# TASK OBJECTIVE
Repeat the material below. Keep every line exactly as written.

# PROVIDED INFORMATION
--

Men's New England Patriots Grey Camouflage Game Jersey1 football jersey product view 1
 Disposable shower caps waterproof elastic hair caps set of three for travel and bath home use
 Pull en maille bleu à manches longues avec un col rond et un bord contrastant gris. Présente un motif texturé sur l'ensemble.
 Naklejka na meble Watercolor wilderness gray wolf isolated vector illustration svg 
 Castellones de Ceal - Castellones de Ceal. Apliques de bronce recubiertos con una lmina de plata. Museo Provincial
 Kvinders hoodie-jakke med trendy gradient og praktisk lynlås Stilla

--

# TASK ANSWER
Men's New England Patriots Grey Camouflage Game Jersey1 football jersey product view 1
 Disposable shower caps waterproof elastic hair caps set of three for travel and bath home use
 Pull en maille bleu à manches longues avec un col rond et un bord contrastant gris. Présente un motif texturé sur l'ensemble.
 Naklejka na meble Watercolor wilderness gray wolf isolated vector illustration svg 
 Castellones de Ceal - Castellones de Ceal. Apliques de bronce recubiertos con una lmina de plata. Museo Provincial
 Kvinders hoodie-jakke med trendy gradient og praktisk lynlås Stilla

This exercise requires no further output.